Mo, 11. Dezember 2017

Wolayerseehütte

20.06.2017 21:20

Das Hüttenbier fliegt in die Berge

12.000 Wanderer genießen jährlich Bier und Lesachtaler Schmankerln am Ufer des Wolayersees. Damit dies in knapp 2000 Metern möglich ist’s, braucht’s jedoch Hubschrauber.

Der Beginn der Bergsaison ist für Kärntens und Osttirols Hüttenwirte eine stressige Zeit: "Und eine große logistische Herausforderung, damit müde Wanderer nicht Durst leiden müssen", lacht der Lesachtaler Helmut Ortner. Der 53-jährige Bergführer und Landwirt bewirtschaftet seit mehr als einem Jahrzehnt die 1960 Meter hoch gelegene Wolayerseehütte in den Karnischen Alpen: "Heuer ist genau genommen meine zwölfte Saison", schildert Ortner, während er die schweren Bierfässer ins Lager trägt.

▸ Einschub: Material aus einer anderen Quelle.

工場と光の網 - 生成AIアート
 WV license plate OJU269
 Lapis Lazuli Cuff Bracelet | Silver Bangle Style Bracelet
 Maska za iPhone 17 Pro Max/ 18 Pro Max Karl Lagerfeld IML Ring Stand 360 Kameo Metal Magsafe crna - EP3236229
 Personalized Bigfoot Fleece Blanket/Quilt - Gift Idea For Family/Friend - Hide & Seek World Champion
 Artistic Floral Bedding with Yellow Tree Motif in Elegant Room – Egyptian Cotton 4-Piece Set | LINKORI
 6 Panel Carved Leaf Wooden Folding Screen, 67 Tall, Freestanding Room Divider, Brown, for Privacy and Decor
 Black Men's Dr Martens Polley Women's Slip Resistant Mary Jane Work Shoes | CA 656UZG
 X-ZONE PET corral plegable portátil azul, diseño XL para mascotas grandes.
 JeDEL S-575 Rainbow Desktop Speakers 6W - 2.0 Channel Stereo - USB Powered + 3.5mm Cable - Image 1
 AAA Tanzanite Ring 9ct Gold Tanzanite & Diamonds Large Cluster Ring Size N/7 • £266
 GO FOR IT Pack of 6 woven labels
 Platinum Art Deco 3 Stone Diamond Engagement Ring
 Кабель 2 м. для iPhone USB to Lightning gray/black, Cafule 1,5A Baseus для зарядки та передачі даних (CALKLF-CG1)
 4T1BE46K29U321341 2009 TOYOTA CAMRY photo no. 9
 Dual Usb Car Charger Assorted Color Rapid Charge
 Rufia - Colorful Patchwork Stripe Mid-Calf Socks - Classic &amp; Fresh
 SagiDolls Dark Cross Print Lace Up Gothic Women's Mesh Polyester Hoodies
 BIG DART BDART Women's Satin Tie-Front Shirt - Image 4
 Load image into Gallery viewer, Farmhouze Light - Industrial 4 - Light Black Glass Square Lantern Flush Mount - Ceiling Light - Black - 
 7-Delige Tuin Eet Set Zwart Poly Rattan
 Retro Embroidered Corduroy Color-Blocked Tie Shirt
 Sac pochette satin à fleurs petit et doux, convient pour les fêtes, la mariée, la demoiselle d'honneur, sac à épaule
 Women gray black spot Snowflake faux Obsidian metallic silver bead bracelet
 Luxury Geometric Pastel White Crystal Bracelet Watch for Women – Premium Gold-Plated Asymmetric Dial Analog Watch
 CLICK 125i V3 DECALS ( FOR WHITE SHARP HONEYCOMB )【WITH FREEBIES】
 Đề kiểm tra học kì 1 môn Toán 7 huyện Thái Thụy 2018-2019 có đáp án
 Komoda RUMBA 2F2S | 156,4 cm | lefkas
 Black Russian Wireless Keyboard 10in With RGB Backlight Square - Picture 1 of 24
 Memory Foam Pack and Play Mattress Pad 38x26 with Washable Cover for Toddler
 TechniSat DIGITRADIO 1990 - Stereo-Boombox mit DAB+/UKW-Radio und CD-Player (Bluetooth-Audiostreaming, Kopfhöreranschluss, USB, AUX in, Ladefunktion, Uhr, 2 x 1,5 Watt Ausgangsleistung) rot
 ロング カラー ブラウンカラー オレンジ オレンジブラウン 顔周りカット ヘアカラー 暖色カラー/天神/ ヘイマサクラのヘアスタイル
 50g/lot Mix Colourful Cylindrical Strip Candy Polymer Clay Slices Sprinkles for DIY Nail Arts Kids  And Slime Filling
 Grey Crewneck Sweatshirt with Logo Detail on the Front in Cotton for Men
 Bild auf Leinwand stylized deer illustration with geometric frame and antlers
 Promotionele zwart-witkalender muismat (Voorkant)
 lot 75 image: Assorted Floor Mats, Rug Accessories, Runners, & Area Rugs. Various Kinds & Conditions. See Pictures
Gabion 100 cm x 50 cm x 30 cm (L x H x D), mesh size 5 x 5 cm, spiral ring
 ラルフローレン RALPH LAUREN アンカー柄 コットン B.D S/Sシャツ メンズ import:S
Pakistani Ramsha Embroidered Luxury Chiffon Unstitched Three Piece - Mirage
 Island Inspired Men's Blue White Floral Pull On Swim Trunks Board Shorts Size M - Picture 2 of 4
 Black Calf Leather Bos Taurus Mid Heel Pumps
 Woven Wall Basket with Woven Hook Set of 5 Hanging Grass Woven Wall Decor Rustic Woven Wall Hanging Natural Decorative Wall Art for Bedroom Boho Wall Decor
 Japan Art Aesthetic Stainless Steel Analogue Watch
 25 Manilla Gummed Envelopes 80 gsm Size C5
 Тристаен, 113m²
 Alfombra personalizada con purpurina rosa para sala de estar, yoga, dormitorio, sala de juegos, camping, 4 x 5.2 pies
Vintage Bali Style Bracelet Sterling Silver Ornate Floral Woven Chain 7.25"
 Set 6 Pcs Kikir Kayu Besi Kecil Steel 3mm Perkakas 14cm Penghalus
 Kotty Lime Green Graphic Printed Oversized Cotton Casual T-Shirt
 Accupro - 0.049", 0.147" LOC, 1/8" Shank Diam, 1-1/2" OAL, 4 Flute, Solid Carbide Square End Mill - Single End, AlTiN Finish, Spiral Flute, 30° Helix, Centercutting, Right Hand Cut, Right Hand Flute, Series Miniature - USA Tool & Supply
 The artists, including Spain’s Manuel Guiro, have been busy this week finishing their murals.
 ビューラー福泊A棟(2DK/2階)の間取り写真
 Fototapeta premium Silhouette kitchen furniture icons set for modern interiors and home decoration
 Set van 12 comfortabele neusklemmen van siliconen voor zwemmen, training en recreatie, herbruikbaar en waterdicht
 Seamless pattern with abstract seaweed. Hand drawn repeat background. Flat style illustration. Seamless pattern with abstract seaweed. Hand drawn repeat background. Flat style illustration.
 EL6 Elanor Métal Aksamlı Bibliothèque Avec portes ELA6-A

Denn "Eindecken" ist angesagt, also das Bunkern von unzähligen Kisten, Fässern und anderen Sachen, die für die rund 100 Tage benötigt werden, die der Bergsommer hier oben am Ufer des kleinen blauen Bergsees am Fuße der mächtigen Kellerwand andauert. Dafür braucht es einen Großeinkauf: "Man muss genau abschätzen, wie viel man benötigt", so Ortner. Alleine 80 Fässer Bier lässt Ortner dafür hinauf auf die Hütte fliegen. Richtig gelesen, fliegen, denn ohne Hubschrauber geht in den Bergen nichts. Wie unzählige Kollegen setzt Ortner dabei auf das Know-How von Wucher-Helicopter. Die Vorarlberger sind Profis, wenn’s um Außenlastflüge geht. 13 Mal pendelt die "Ecureuil" zwischen der Schutzhütte und dem Parkplatz bei der Hubertuskapelle im Lesachtaler Wolayersee-Tal.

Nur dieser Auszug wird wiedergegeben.